Coming from a small Minnesota town, Construction Project Management student Tyler Fish always knew he had a passion to work with his hands.

“I wanted to pursue a career outside; to go place to place with a new problem to solve daily,” Fish said.

Now, with just a few months away from earning his Associates Degree, Fish is poised to do just that.

Fish learned about Dunwoody from his father who took some HVAC classes at the College. After looking into Dunwoody, he knew it was the right fit for him.

“Dunwoody has been around for 100 plus years and has a great reputation,” Fish said. “I liked the stackable degrees they offered, and the high job placement as well.”

After just one year of instruction, Fish has already found himself an internship with a large sub-contractor.

Tyler Fish, right, works in the construction lab at Dunwoody, building dog houses.

During his time at Dunwoody, Fish has taken advantage of the many different activities, clubs, and organizations available. He is active in clubs such as Dunwoody Construction Management Student Association where he is the Vice President, National Home Builders Association, and Quiz Bowl. These extra curricular activities help build his professional skills beyond the classroom.

 

“These competitions and activities give me the ability to make mistakes in a safe environment,” Fish said. “I get a deeper understanding of the field this way.”

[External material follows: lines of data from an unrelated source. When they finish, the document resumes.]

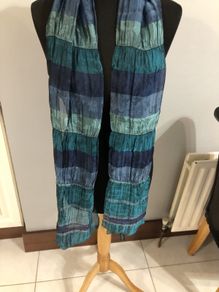 Passigatti scarf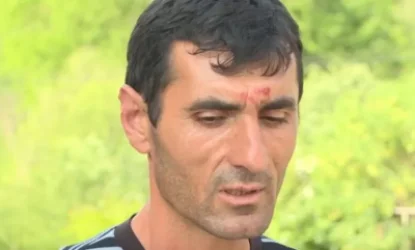 3 անձ ձերբակալվել է Վակունիս համայնքի ղեկավարին ծեծի ենթարկելու դեպքի առթիվ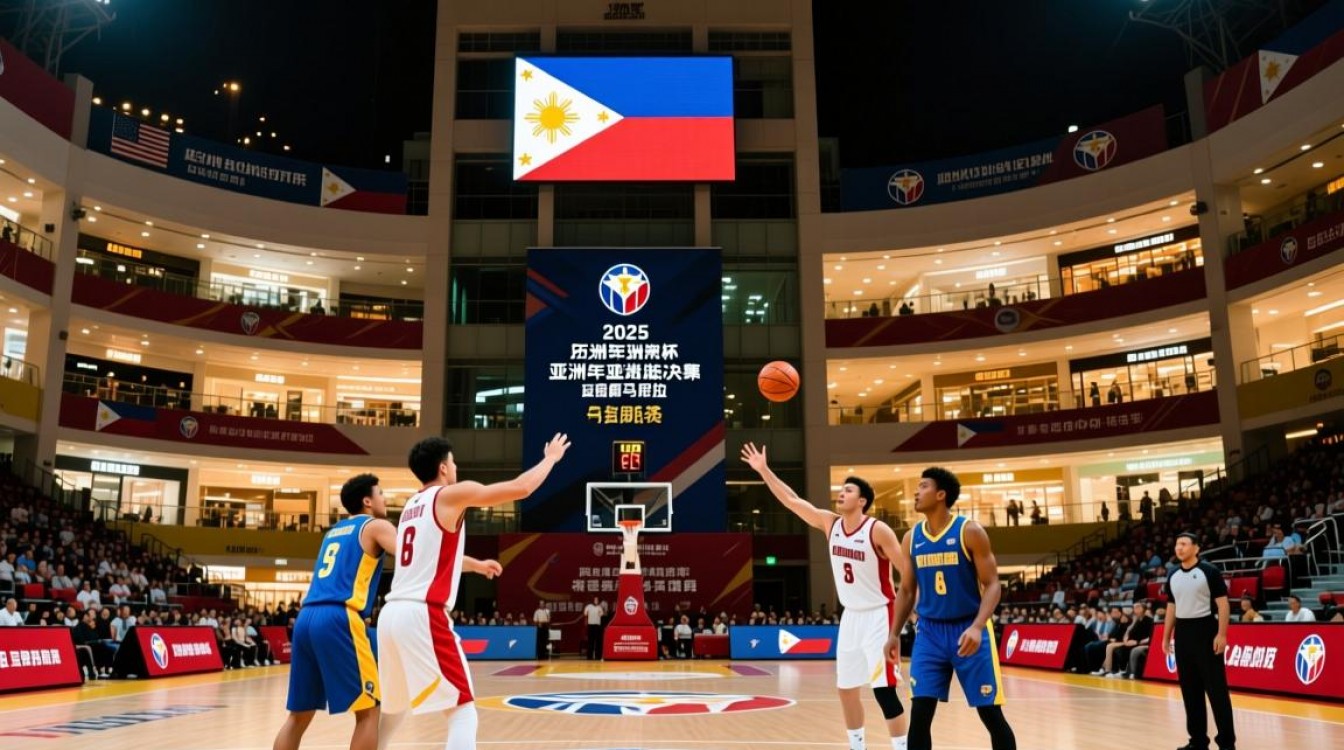 亚洲杯男篮决赛结果何时出?谁能最终夺冠?-图2 亚洲杯男篮决赛结果何时出?谁能最终夺冠?-图2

Through the National Association of Home Builders (NAHB), students present their solutions to a panel of judges who work within the industry. Dunwoody has competed in this competition for a number of years now.

Fish and a team of Dunwoody students recently traveled to Las Vegas for the NAHB competition. The team earned seventh place and Fish was awarded the outstanding student award.

Construction Project Managment student Tyler Fish, at his internship at
Parsons Electric summer 2018.

Passionate about his field, Fish often advocates for the need for people to go into construction and learn more about the industry. Recently, Fish was asked to speak at the State Capitol in favor of a bill that has the intent to give construction trades equal exposure in high schools as any other industry.

“I like to take the extra step,” Fish said. “I think success is measured by pursing your passion, and I want to help students do that.”

In addition to advocating for the industry, Fish’s academic success has earned him several scholarships that help enable him to pursue his professional goals in the field.

Looking into the future, Fish hopes to work in rough carpentry and eventually become a job site superintendent. Fish is expected to graduate with his associate’s degree this spring, and will continue on with a plus two to earn his bachelor’s degree.

“I want to leave a good legacy here and I want to see students thrive,” Fish said.